** Supplied material **

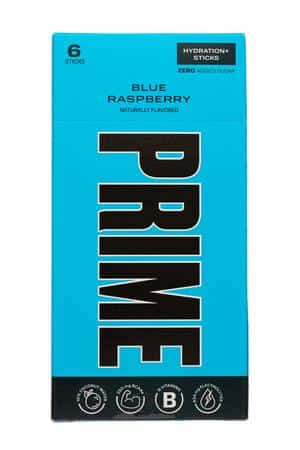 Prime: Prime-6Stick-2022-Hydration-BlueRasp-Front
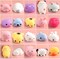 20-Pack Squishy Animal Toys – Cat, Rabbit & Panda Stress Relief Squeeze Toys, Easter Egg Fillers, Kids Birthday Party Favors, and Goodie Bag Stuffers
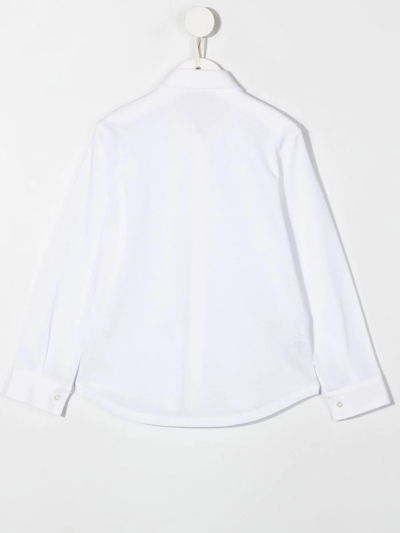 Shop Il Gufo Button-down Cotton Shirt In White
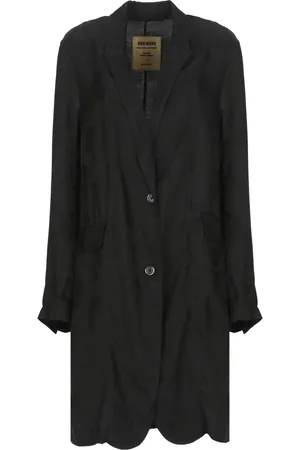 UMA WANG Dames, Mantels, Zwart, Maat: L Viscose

** About this task **
Say again, word for word, every line from the one with "Shop Il Gufo" through the last line of the data above, minus the pictures.

** Response box **
 Shop Il Gufo Button-down Cotton Shirt In White
 UMA WANG Dames, Mantels, Zwart, Maat: L Viscose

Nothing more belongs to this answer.